Kiss River
In twenty minutes, Alec came into the waiting room.
“How about Sam and Omie’s?” Alec suggested.
Sam and Omie’s was every bit as old and nearly as casual as Shorty’s, and it was much closer to the animal hospital. But Clay knew his father’s real motivation for selecting it.
“You’re in the mood for soft-shelled crabs, huh?” he asked.
“How’d you guess?” His father smiled at him as they headed out the door.
They took Alec’s car, heading south along the beach road.
“Henry’s birthday party’s this Saturday, isn’t it?” his father asked as he drove.
“Uh-huh.” Clay had nearly forgotten and was grateful for his father’s reminder. He’d planned the surprise party for Henry’s eightieth birthday months ago. It would be held in Shorty’s back room, and as far as he knew, everyone was managing to keep it a secret.
“How are you going to get him to Shorty’s?” his father asked.
“I’ll tell him that Lacey and I are taking him out to dinner,” Clay said. “He’ll know something’s up when we take him to Shorty’s, since I’m sure he’d expect us to take him someplace fancier, but I think he’ll still be surprised. Hope so, anyway.”

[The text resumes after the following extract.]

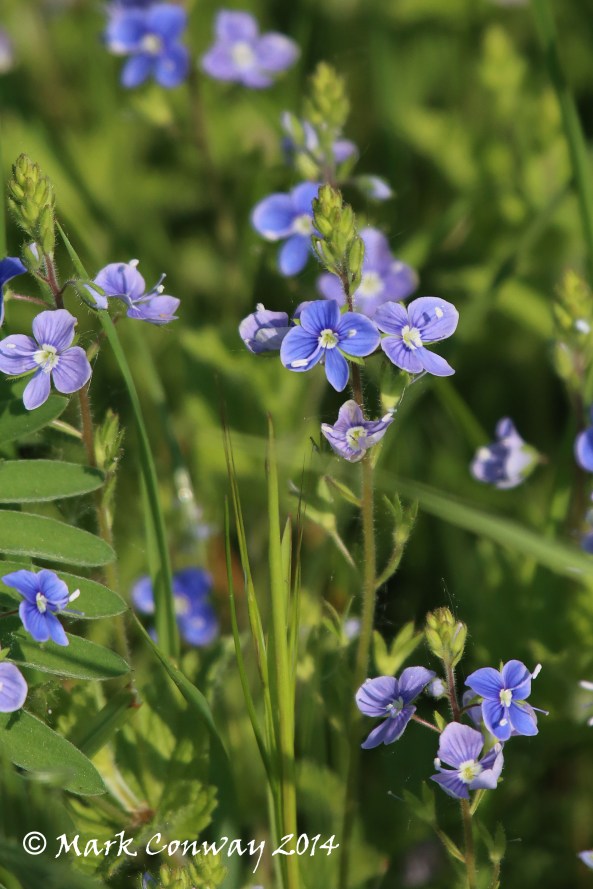 Speedwell, Nature, Flowers, East Yorkshire, Photography, Mark Conway, Life Spirit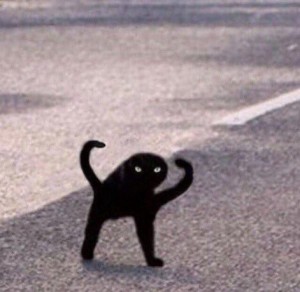 Create meme: black cat meme joy, Cat, black cat meme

They talked about one of Clay’s projects for the rest of the drive, and he knew that his father was wondering what was really behind this request for lunch. Neither of them addressed that question, though, until they were sitting in one of the booths at the crowded restaurant and had ordered their soup.
“You seem…” Alec said, “I don’t know…a little preoccupied, I guess. Is everything all right?”
Clay hadn’t realized that his mood was that obvious. “Well,” he said, “I have some interesting news.”
“What’s that?”
“It turns out that Gina is related to the Poors.”
He saw his father’s instant look of distrust. “How so?” he asked.
Clay repeated much of what Gina had told him the night before, about her mother being adopted and her deathbed wish to learn about her roots, and about the box of effects she had received from the grandniece, along with the diary.
“Have you seen the diary?” his father asked.
“No. I don’t think she has it with her. At least she didn’t mention it.”
His father folded his arms across his chest, lips in a tight line. Finally, he spoke. “I know you like her, Clay, so I’ll just say this once. I promise. But I have to say it.”
Clay waited, knowing he couldn’t stop him.
“Could she have made this up—this relationship to the Poors—as a way to up the ante?” he asked. “You know, make our hearts bleed for her about her long-lost family roots so we’ll help her raise the lens?”
Clay sighed. “Dad, I believe her. She’s not a lighthouse historian. She admitted that. Her connection to the Poors has been her real motivation all along.”
“Then why the hell didn’t she just say that?”
Clay hated the deep crease between his father’s eyebrows as much as he hated the logic of his words.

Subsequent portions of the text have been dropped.